私たちが人と一緒に仕事をするとき、相手に期待することのひとつに、「自分から考えて動いて欲しい」と思うことがあげられます。部下を相手にするケースなどでは、指示待ち人間ではなく、能動的な姿勢を見せる自立した存在に変わって欲しい、と思うことは多いのではないでしょうか。
Googleなどの人気企業が、採用時に最も重視することも自主自立性。どうすれば、部下の自主自立性を高めることができるのでしょうか?
自分から考えて動いて欲しい
マネージャーを対象にした企業研修で、よく聞かれるのが「指示待ち人間が多くて困る」という声。そんな方は、部下とのやり取りを具体的に思い出してみてください。

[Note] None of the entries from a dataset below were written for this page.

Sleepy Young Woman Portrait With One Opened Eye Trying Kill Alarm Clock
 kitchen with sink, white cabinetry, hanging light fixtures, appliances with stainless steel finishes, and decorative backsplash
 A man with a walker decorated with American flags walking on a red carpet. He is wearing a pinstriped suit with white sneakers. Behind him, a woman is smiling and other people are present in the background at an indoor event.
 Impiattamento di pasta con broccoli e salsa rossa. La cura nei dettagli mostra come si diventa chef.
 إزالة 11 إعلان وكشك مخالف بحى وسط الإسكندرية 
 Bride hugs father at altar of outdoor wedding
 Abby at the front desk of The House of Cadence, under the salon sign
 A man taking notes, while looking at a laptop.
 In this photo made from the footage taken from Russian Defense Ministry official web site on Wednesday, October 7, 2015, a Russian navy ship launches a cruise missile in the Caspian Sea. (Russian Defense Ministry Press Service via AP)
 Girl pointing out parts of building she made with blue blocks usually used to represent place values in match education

指示の意味を説明せずにたた指示だけ出していたり、事細かく指示を出し過ぎていたりしていませんか?
部下に指示をしたことをしっかり実行してくれることだけを期待するならば、これで正解です。しかし、部下に「自分で考えて動くこと」を期待するのであれば、自分で考えて動いてくれるような投げかけをしてあげなければいけません。
相手に問いかけていますか?
このための基本的な投げかけは、簡単です。
「この件どうしたらいいと思う?」と、目的論的なアプローチをしてください。
指示待ちが癖になっている人は、この問いにすぐには答えられません。
黙ってしまうとか、フリーズしてしまうこともあるでしょう。
最初の段階は、ここでかなりの忍耐を要しますが、まずは相手が何か口を開くまで待ってあげるのです。
このとき大切なのは、「この人は指示待ち人間」というレッテルをはがし、相手の可能性への承認の気持ちを持って、なんとか口を開くことを応援してあげることです。
ここで、答えか出てこないことにイラついて、「答えられないのは、普段からちゃんと考えていないからだ!」などと言ってしまうと、元も子もありません。
指示待ちが癖になっている状態の人にこんな対応をやってしまうことは、強烈な勇気くじきを与えることになります。
相手をどう見ていますか?
もちろん承認もしっかり持ってあげてください。
あなたが、「指示待ちがこの人の本質だ」と思っているようであれば、その人が考えて動くことを期待する方が愚かだということでもあります。
相手を「自ら考えて動くことができる」と見ることができれば、相手への承認感が増幅していきます。
すぐ答えが返ってこなくても、「何か気になっていることはある?」などと、承認と勇気付けをベースに、いろいろ投げかけてみるのです。
そして相手から少しでも言葉が出てきたら、「その視点面白いね」とか、「今の話から、ちょっとこんなことを思いついたんだけど」 とか、相手が口を開いたことに対して、何らかの価値があった、そして何らかの貢献をしたということを伝えてあげましょう。
相手がさらに意見を言うことへの勇気付けとなります。
人間を小さくする「自分モード」
また、「相手に問いかけると、こちらが案や解を持っていないと思われるのではないか?」と考える人もいますが、心配は無用です。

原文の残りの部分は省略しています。